Requirement:
Both the line with "I think you" and the line with "Machines Press Cover" in the records below must appear in the output, along with every line between them, exactly and with nothing added.

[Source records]
★ ★ ★ ★ ★ ★ ★
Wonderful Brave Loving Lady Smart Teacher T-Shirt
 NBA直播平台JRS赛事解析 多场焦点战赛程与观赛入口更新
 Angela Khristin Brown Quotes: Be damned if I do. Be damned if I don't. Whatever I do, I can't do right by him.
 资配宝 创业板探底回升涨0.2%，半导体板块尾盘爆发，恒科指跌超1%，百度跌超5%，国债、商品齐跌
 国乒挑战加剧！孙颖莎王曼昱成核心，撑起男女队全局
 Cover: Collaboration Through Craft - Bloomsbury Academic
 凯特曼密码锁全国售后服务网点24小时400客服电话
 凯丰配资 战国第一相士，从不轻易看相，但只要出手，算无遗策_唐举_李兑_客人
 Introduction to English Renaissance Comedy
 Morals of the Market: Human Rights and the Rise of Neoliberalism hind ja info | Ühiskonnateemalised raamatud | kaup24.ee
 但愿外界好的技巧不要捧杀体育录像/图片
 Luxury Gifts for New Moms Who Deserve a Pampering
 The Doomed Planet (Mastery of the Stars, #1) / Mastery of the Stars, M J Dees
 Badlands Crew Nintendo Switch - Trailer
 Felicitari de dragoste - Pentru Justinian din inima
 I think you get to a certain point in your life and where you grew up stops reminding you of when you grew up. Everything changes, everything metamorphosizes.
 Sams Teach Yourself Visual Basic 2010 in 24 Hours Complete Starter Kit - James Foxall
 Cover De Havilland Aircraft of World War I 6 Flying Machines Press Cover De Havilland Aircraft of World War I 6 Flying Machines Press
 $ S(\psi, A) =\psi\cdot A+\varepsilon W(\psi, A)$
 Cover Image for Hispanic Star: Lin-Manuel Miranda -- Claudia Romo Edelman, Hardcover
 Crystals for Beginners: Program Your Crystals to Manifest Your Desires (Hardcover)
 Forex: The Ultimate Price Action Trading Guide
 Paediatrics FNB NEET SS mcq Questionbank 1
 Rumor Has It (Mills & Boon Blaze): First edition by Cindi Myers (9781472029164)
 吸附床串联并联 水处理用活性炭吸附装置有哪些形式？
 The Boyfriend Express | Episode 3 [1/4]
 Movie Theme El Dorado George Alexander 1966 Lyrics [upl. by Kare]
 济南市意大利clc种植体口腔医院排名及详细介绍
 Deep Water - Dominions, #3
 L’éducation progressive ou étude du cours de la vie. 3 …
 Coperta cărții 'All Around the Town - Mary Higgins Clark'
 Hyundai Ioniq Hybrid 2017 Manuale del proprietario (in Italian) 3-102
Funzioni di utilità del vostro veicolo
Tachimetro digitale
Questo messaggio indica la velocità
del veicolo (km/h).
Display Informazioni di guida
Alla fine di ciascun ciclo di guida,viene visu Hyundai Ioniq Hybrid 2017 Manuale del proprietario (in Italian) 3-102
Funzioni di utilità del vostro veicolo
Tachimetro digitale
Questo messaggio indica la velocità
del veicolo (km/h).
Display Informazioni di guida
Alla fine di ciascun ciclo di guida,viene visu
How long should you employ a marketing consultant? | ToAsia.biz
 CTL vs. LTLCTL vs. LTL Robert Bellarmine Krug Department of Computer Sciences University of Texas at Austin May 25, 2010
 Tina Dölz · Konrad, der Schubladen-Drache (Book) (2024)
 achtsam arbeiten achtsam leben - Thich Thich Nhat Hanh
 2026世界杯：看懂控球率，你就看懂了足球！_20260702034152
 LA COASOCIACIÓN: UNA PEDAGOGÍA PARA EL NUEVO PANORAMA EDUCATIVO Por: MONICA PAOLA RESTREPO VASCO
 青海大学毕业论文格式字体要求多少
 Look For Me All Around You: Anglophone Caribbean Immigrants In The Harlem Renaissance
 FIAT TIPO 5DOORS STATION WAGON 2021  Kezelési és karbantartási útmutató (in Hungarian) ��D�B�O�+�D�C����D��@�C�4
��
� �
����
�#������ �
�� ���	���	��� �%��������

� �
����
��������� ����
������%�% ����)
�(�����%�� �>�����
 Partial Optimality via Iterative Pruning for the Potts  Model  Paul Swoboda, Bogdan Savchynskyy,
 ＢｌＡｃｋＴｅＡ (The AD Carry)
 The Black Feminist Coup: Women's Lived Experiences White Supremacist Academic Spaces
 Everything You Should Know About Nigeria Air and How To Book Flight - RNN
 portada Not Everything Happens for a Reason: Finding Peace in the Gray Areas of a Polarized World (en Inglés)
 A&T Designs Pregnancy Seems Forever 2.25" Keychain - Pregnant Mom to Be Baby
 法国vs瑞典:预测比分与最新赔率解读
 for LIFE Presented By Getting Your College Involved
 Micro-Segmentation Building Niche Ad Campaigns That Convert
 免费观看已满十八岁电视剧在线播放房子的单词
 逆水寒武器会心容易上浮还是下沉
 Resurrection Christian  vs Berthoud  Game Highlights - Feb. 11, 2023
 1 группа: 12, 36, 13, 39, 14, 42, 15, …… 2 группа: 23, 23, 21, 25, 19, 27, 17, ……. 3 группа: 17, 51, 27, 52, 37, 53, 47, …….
★ ★ ★ ★ ★ ★ ★
The completed task:
 I think you get to a certain point in your life and where you grew up stops reminding you of when you grew up. Everything changes, everything metamorphosizes.
 Sams Teach Yourself Visual Basic 2010 in 24 Hours Complete Starter Kit - James Foxall
 Cover De Havilland Aircraft of World War I 6 Flying Machines Press Cover De Havilland Aircraft of World War I 6 Flying Machines Press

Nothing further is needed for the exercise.